=== Section Start ===

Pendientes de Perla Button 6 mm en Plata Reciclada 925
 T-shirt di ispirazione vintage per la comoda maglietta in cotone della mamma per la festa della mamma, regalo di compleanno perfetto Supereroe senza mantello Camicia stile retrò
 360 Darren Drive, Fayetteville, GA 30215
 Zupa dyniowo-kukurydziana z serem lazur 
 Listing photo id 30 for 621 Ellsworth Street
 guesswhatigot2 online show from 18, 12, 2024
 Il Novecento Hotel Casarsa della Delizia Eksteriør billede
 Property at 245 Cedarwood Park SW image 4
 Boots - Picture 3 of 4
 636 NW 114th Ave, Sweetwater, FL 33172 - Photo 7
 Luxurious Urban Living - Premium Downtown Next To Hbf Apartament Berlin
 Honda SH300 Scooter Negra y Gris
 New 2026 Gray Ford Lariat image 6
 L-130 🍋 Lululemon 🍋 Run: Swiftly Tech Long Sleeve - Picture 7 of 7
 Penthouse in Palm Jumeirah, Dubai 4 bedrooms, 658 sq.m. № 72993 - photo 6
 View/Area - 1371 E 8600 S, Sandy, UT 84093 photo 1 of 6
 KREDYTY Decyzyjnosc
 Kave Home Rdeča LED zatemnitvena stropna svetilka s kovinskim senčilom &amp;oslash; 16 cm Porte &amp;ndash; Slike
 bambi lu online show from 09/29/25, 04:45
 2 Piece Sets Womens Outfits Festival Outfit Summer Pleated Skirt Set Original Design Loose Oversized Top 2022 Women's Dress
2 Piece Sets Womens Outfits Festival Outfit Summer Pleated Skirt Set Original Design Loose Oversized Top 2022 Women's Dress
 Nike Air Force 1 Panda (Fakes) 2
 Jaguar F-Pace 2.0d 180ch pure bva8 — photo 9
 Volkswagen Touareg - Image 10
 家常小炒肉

=== Section End ===

- Prompt
Start at the first line of the material and transcribe each line exactly, stopping once the line containing "360 Darren Drive, Fayetteville, GA 30215" has been written.

- The answer
Pendientes de Perla Button 6 mm en Plata Reciclada 925
 T-shirt di ispirazione vintage per la comoda maglietta in cotone della mamma per la festa della mamma, regalo di compleanno perfetto Supereroe senza mantello Camicia stile retrò
 360 Darren Drive, Fayetteville, GA 30215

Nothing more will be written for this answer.